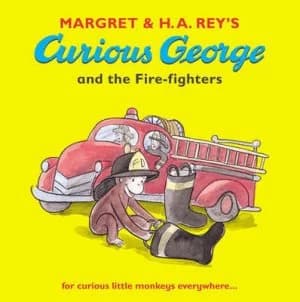 Margret and H.A. Reys Curious George and the Fire-Fighters by Margret Rey and H. a Rey and Anna Grossnickle Hines Book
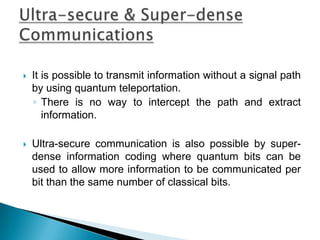  It is possible to transmit information without a signal path
by using quantum teleportation.
◦ There is no way to intercept the path and extract
information.
 Ultra-secure communication is also possible by super-
dense information coding where quantum bits can be
used to allow more information to be communicated per
bit than the same number of classical bits.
● ● ● ● ● ● ●
-- WHAT YOU ARE ASKED TO DO --
Throughout the material above, find lines holding the word "bits", then copy them.

-- TASK RESPONSE --
dense information coding where quantum bits can be
bit than the same number of classical bits.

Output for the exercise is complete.